The plot thickens when you realize that the Groundwater Replenishment District (GRD), which enables the developers, does not have allocations for the renewable CAP water themselves, so the state has initiated a search for new water (not admitting it is for GRD), their ADD water project. They are contemplating various sources, including pumping dry a couple of aquifers in low populated areas of western Arizona. The price tag will be high for the electrical stations, pipelines, and pumping stations. Another solution they are contemplating is setting up a nuclear power plant on the Sea of Cortez to run a desalination project to pipe the water up to Lake Havasu and over to Phoenix and Tucson. The billion dollar Federal project 15 years ago in Yuma should tell us something about high price tags for desalinization.
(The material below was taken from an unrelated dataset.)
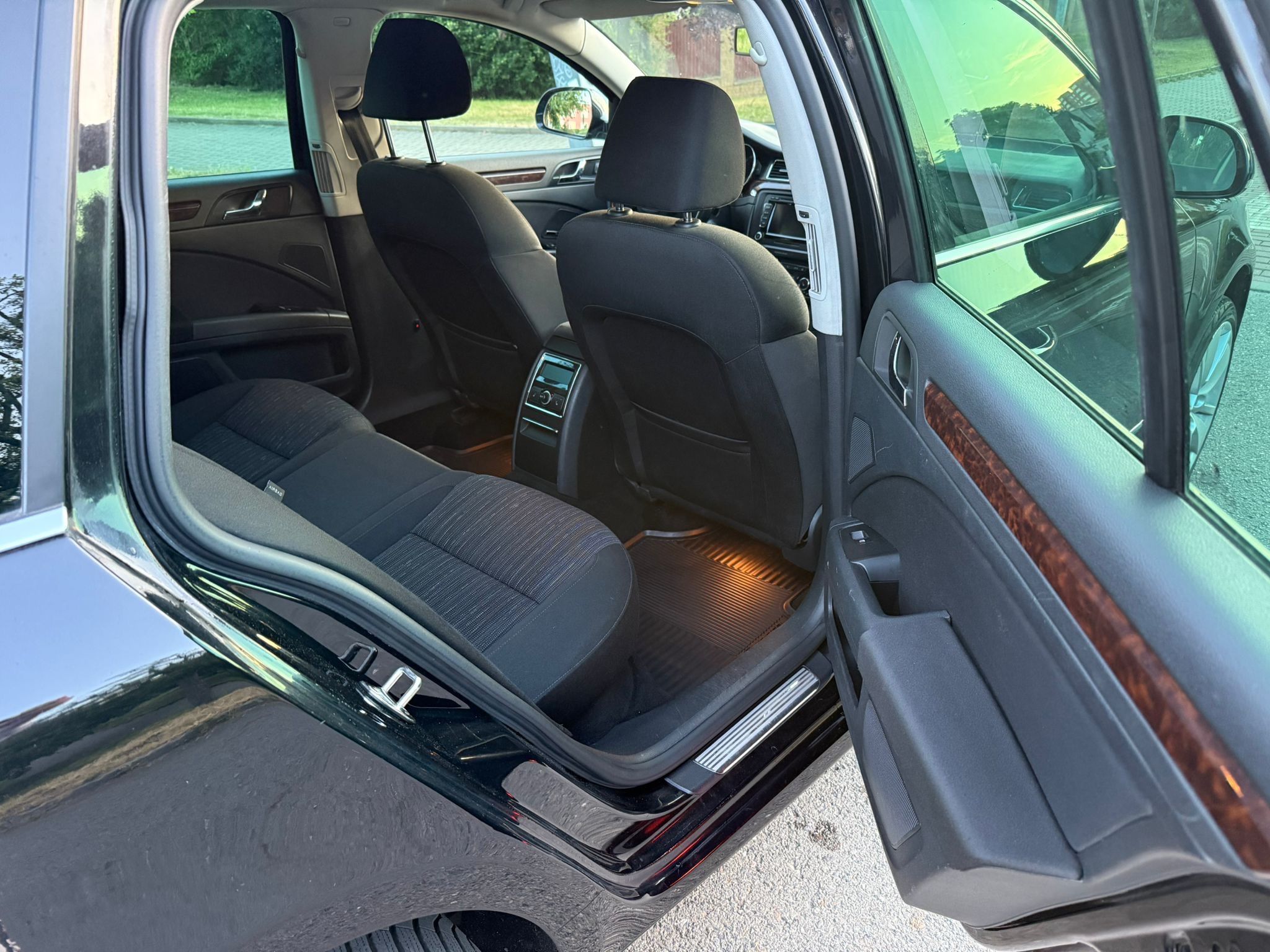 Škoda Superb, 2.0tdi 125kw dsg 4x4 výbava - fotka 6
And who is going to pay for this jockeying around of the water supplies? Yes, all of you who bought homes built after 1995—and, of course, nature: our wild life in western Arizona and the Sea of Cortez.

So I suggest open rebellion:

First, a law suit against the state that demands that the renewable water supply be replenished in the exact water table where it is being used.

Second, start subtracting the GRD replenishment assessment on your property tax bill. You are not getting legitimate GRD service.

Third, there is a huge flooding area over in eastern old Sahuarita, as everyone knows who travels Sahuarita Rd. Pima County Flood Control refuses to do anything and even though approved developments have augmented the problem. What about a recreational lake!

Fourth is more an ultimatum: Water is a public resource. If there is to be a CAP pipeline, it must be a public project so that any entity with legitimate CAP allocations will be able to buy in at a set price.